Start of INPUT DATA

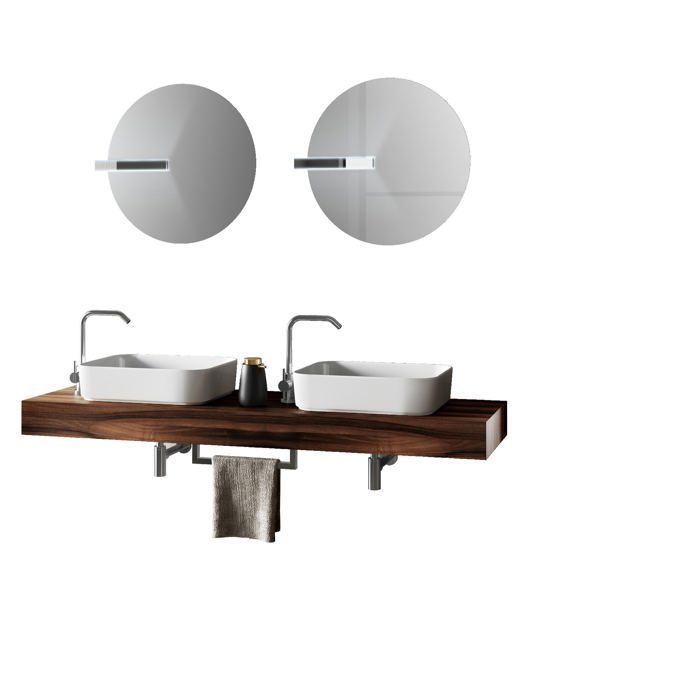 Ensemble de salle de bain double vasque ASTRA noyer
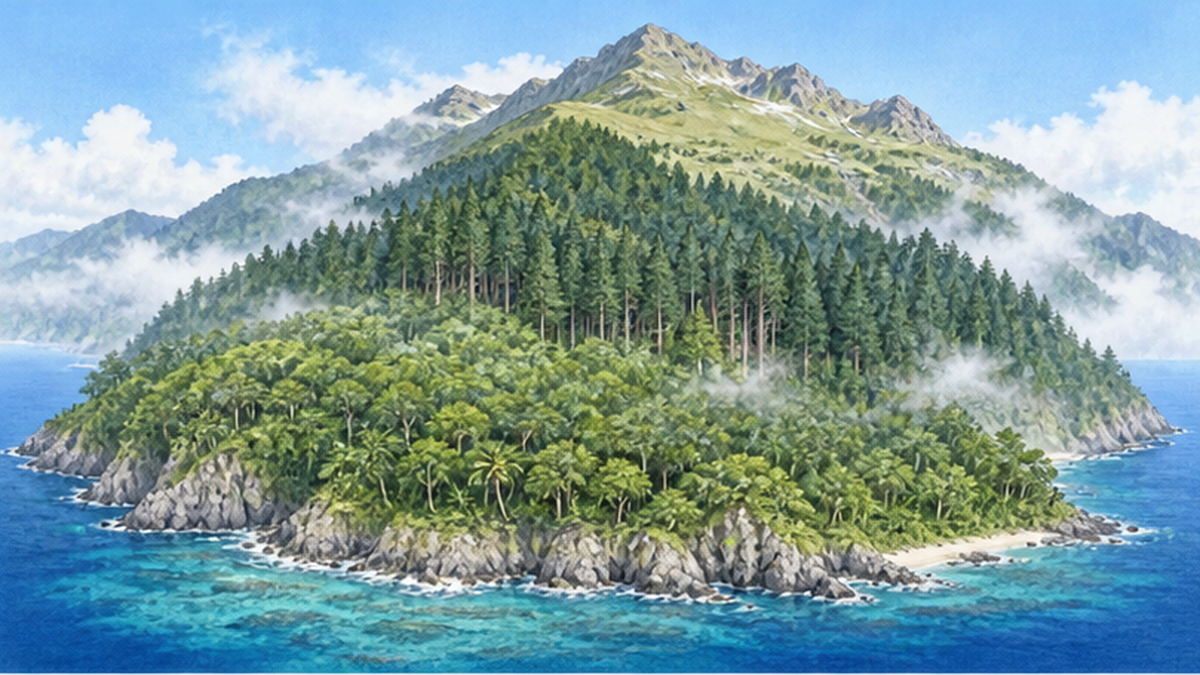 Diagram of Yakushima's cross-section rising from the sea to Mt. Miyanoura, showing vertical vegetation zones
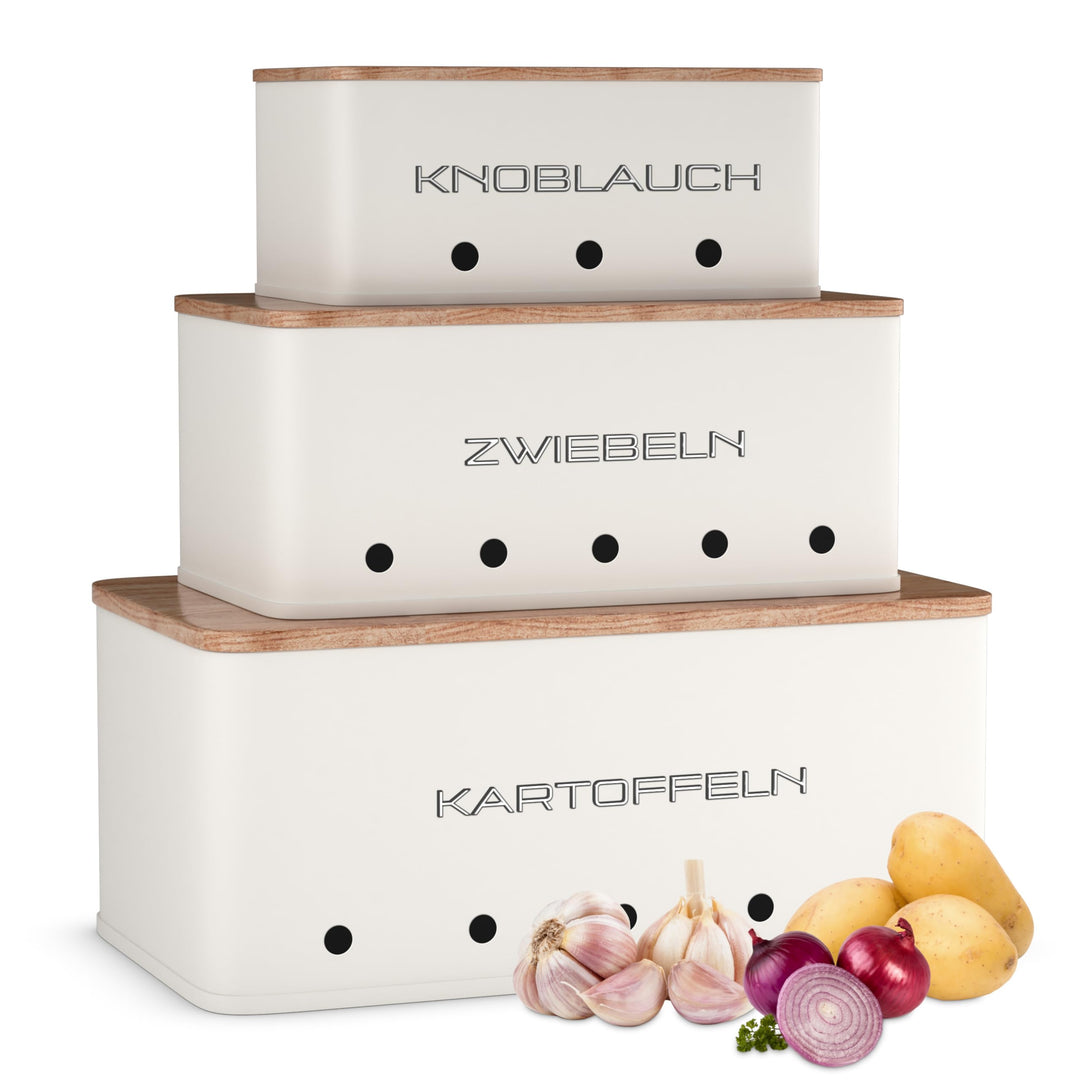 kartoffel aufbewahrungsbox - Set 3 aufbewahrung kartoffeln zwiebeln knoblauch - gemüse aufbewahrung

End of INPUT DATA

The answer should match the material exactly, with every picture removed.

SOLUTION TO THE PROBLEM
 Ensemble de salle de bain double vasque ASTRA noyer
 Diagram of Yakushima's cross-section rising from the sea to Mt. Miyanoura, showing vertical vegetation zones
 kartoffel aufbewahrungsbox - Set 3 aufbewahrung kartoffeln zwiebeln knoblauch - gemüse aufbewahrung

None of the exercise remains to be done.